Goal of the exercise
Every record needs to be repeated exactly; its pictures do not.

Exercise data
===

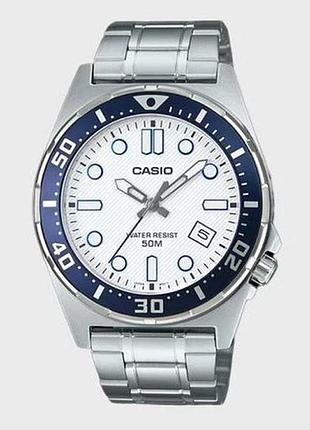 Casio mtd-135d-7a — чоловічий кварцовий годинник, сталевий браслет, wr 50 м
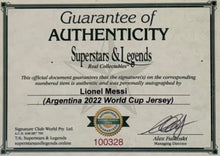 Load image into Gallery viewer, LIONEL MESSI “2022 World Cup Champions” Signed Argentina Jersey &amp; Photo Collage Display
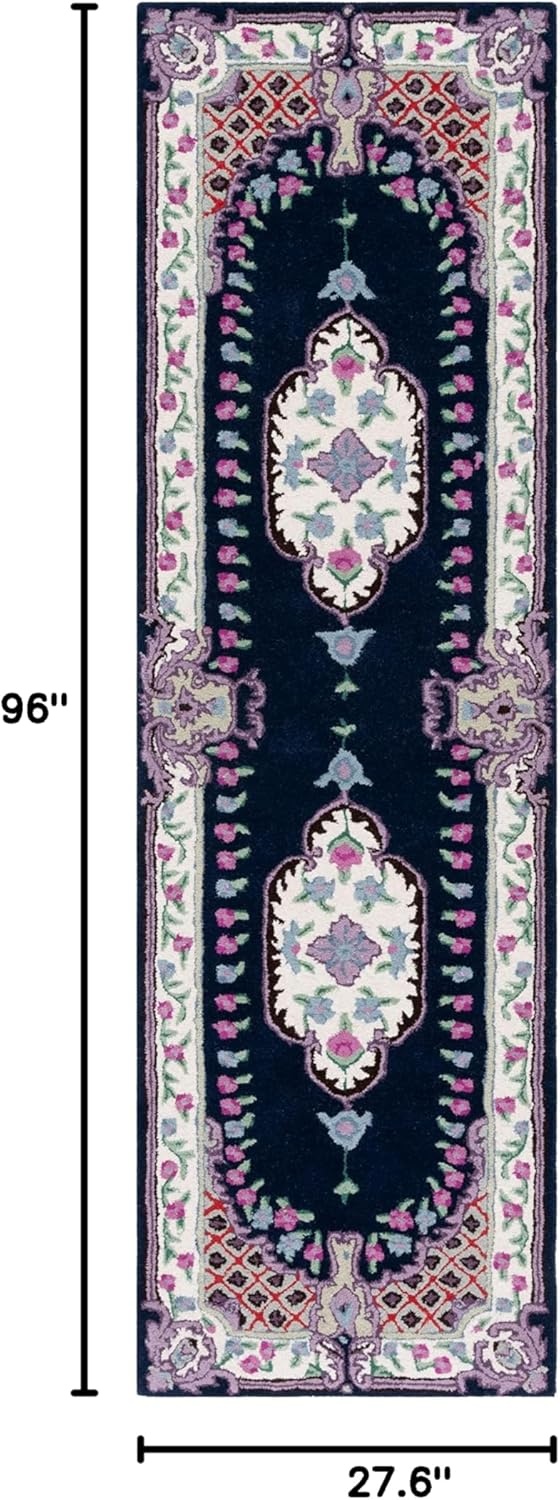 image:imageSAFAVIEH Area Rug 8x10 Bellagio Collection Large Blue amp Pink Handmade Wool Medallion Design Ideal for Living Room Bedroom Office Dining Space BLG535MNavyIvory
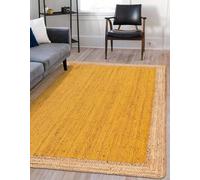 Hand Braided Jute Area Rug Natural Fibers Hand Woven Bohemian Style Ruva Rug for Kitchen, Dining Room, Living Area Eco-Friendly Durable Carpet, Color- Natural/Yellow (180 cm x 210 cm)
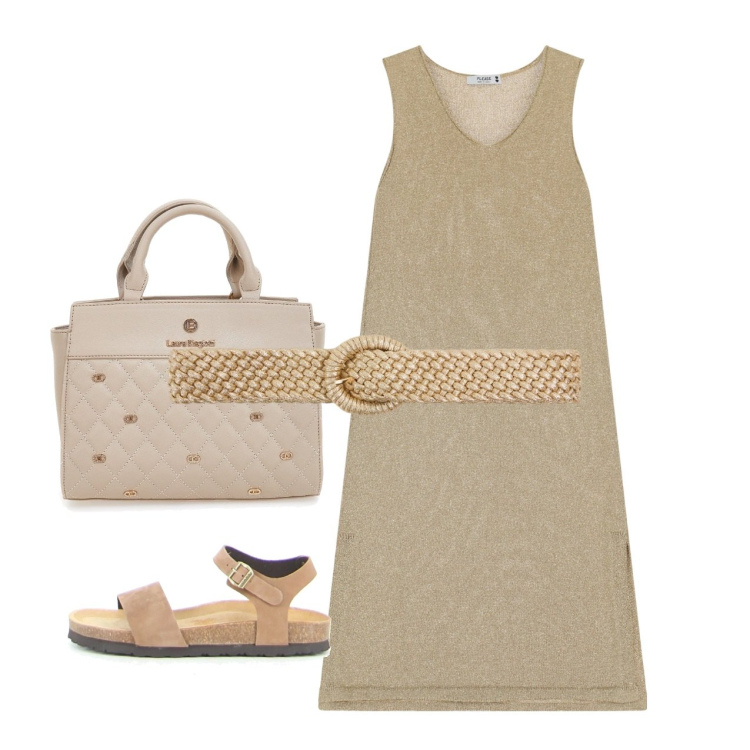 Outfit donna - Minimal. Stile Minimal per Tutti i giorni. Abbinamento con cinture, vestiti midi/longuette, sandali, borse a mano.
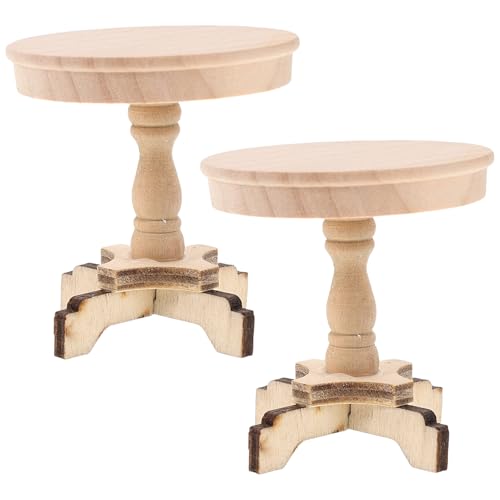 COOPHYA 2-teiliges Puppenhausmöbel-Set: Miniatur-Puppenhausmöbel-Set – kleines rundes Couchtisch-Modell aus Holz für die Wohnzimmerszene im Puppenhaus von COOPHYA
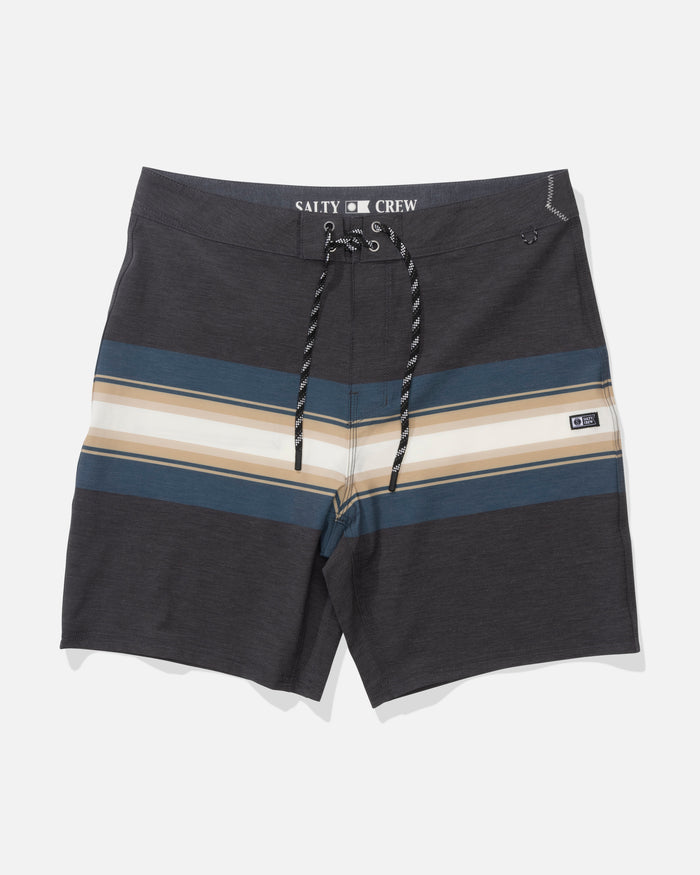 Crew Stripe Boardshort - Pirate Black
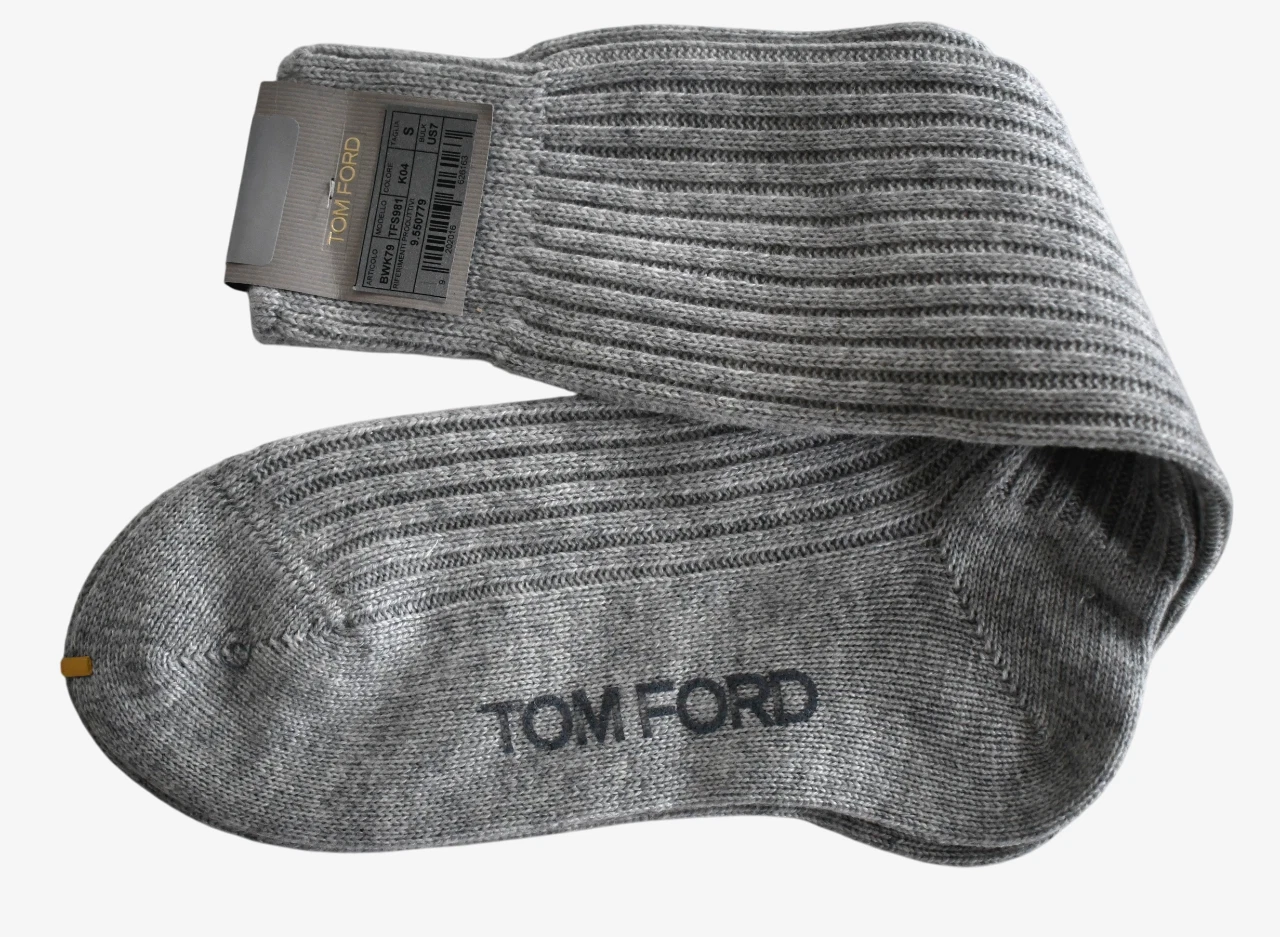 🆕️ Auth TOM FORD Gray 100% CASHMERE RIB Men's Crew Socks S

===

Expected answer
 Casio mtd-135d-7a — чоловічий кварцовий годинник, сталевий браслет, wr 50 м
 Load image into Gallery viewer, LIONEL MESSI “2022 World Cup Champions” Signed Argentina Jersey &amp; Photo Collage Display
 image:imageSAFAVIEH Area Rug 8x10 Bellagio Collection Large Blue amp Pink Handmade Wool Medallion Design Ideal for Living Room Bedroom Office Dining Space BLG535MNavyIvory
 Hand Braided Jute Area Rug Natural Fibers Hand Woven Bohemian Style Ruva Rug for Kitchen, Dining Room, Living Area Eco-Friendly Durable Carpet, Color- Natural/Yellow (180 cm x 210 cm)
 Outfit donna - Minimal. Stile Minimal per Tutti i giorni. Abbinamento con cinture, vestiti midi/longuette, sandali, borse a mano.
 COOPHYA 2-teiliges Puppenhausmöbel-Set: Miniatur-Puppenhausmöbel-Set – kleines rundes Couchtisch-Modell aus Holz für die Wohnzimmerszene im Puppenhaus von COOPHYA
 Crew Stripe Boardshort - Pirate Black
 🆕️ Auth TOM FORD Gray 100% CASHMERE RIB Men's Crew Socks S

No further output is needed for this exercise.